Fortunately, there are plenty of experts who can help to shepherd financial advisors from traditional brokerage settings to the independent world. To help you develop a fail-safe checklist, Research magazine picked the brains of experienced transition guides and spoke with advisors who recently moved to the independent channel. Some of the items on the to-do list will vary depending on the form of your new business—whether you become a registered investment advisor or a hybrid advisor working with a broker-dealer.
Everyone we spoke with agrees the readiness is all: “It’s all about planning,” says Daniel Bernstein, director of research and development at Market Counsel in Englewood, N.J. “Have a written out plan of action.” That way, when the inevitable bump in the road suddenly appears, you’ll be ready.
1. Set a Timeline
When preparing to make a transition you may sometimes feel as if you have two jobs—running your daily business plus preparing for the next step in your career. You’ll need to prioritize what you need to get done and when. Develop your timeline with the key people who are helping you with your transition. If you’re planning on becoming an RIA, that would probably mean a consultant who can walk you through basic set-up issues, including selecting a custodian for your assets, filing new papers with the right regulator, legal support, and office setup. If you’re transferring to an independent broker-dealer offering a suite of turnkey solutions or joining a pre-established RIA, you’ll still need legal advice. Finally, and perhaps most important: Develop a brand with a message. On average, assume the process will take about four to six months, says Jim Guy, chief marketing officer of Cambridge Investment Research, in Fairfield, Iowa.

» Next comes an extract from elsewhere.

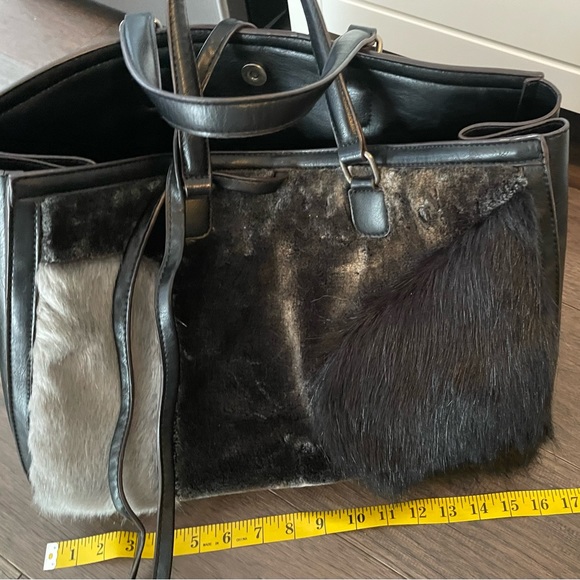 Adorable large purse by Sandra Roberts Squared. - Picture 2 of 9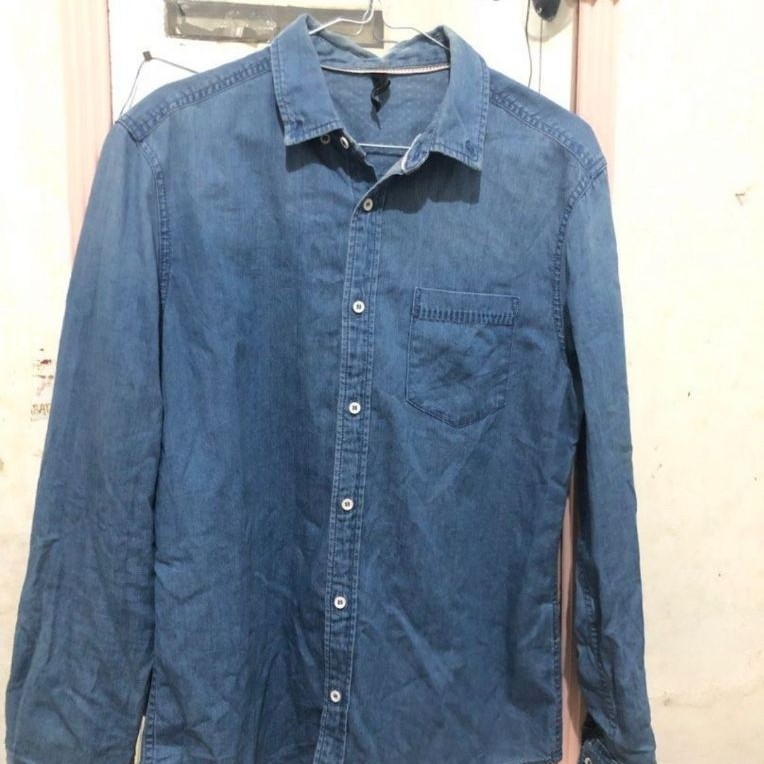 prelove kemeja levis wanita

You should also leave plenty of wiggle room in the timeline. That way you can accelerate the process in case something goes wrong, says Market Counsel’s Bernstein. For example, your current employer may change a policy that would hurt your business.

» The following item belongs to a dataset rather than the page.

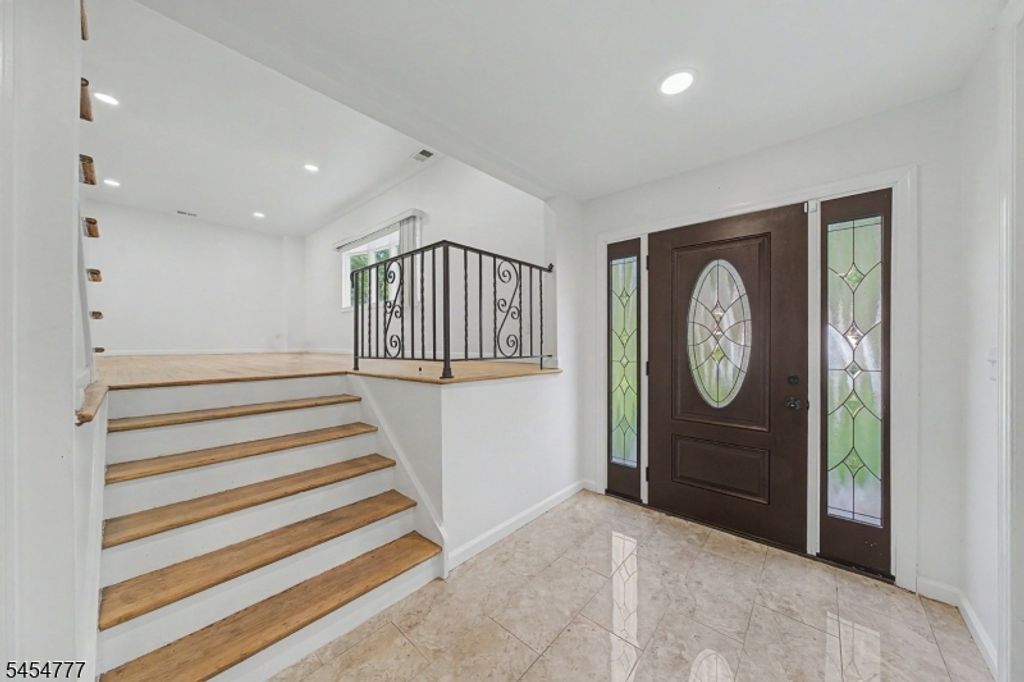 41 Montclair Ave, Edison Twp., NJ 08820 — photo 4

Or perhaps word of your plans may leak; then the firm may quietly prepare to divvy up your accounts, or, worse, you could get fired.
If you have a timeline in hand, you know everything that needs to get done—you just need to make it happen much faster.

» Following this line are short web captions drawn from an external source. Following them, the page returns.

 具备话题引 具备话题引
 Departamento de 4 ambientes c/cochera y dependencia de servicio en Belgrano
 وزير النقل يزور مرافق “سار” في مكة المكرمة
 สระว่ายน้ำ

2. Get Your Legal Ps and Qs Right
The most basic rules on how to change firms are quite clear, thanks to the Protocol for Broker Recruiting, an agreement launched eight years ago and now boasting more than 600 industry participants.
The protocol governs the dos and don’ts of changing firms, from defining what brokers can and can’t say to clients during the process and what you must supply to the employer you are leaving. The protocol, however, doesn’t address every issue that may arise, especially for advisors working under contracts and with outstanding loans. Jim Eccleston of Eccleston Law Offices in Chicago says you need an expert to go over your current contract as well as the contract with the new firm. “The old firm may give you problems now, but the new firm may give problems later.”
Chris Wilmerding of Westwood, Mass., who recently left a wirehouse for Commonwealth, says you need to interview prospective lawyers carefully. The first lawyer he spoke with told him: “You have to be incredibly careful. We just don’t really know what will happen.” Wrong, says Wilmerding, who now manages an investment advisory practice under the name Thayer Partners. Savvy lawyers do have a good handle on how the process will work and you’ll spot them by questions they ask about your clients, investments, how important your accounts are to the branch, and whom you report to.